# [The problem]
Retype each line below precisely and omit all images.

:: Supplied data ::

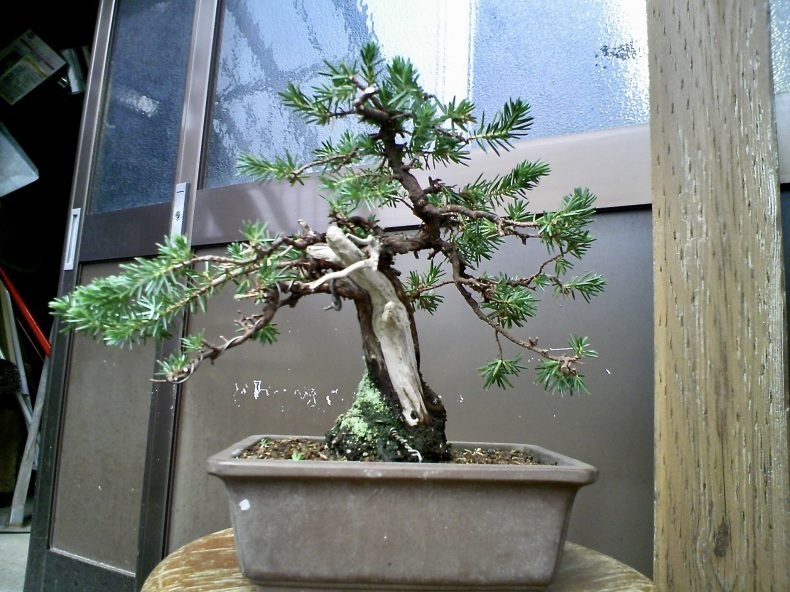 杜松の剪定 盆栽便り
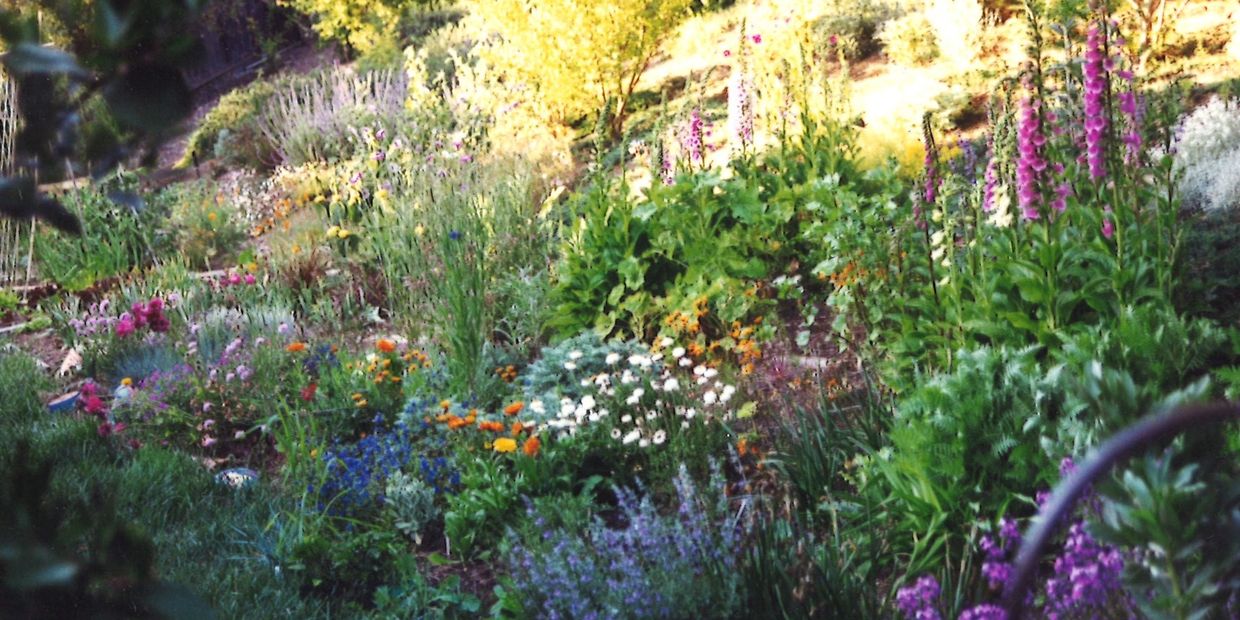 Perennial Garden Consultants colorful landscape design.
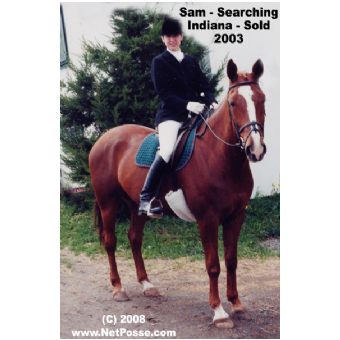 MISSING Horse - Quicksam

:::

# [Your response]
 杜松の剪定 盆栽便り
 Perennial Garden Consultants colorful landscape design.
 MISSING Horse - Quicksam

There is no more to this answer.